Work required. Restate exactly, and only, the lines spanning from the one with "登錄號:F0025416藏品圖，第1張" to the end of the records below.

◆ ◆ ◆

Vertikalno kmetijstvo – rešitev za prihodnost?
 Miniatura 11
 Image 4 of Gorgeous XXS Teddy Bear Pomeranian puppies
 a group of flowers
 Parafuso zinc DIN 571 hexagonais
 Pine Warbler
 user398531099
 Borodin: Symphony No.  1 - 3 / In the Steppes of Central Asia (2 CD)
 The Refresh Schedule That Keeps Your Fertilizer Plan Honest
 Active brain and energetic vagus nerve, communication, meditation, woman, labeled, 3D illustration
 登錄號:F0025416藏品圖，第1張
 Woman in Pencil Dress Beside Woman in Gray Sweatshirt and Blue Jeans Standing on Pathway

◆ ◆ ◆

Output below.
 登錄號:F0025416藏品圖，第1張
 Woman in Pencil Dress Beside Woman in Gray Sweatshirt and Blue Jeans Standing on Pathway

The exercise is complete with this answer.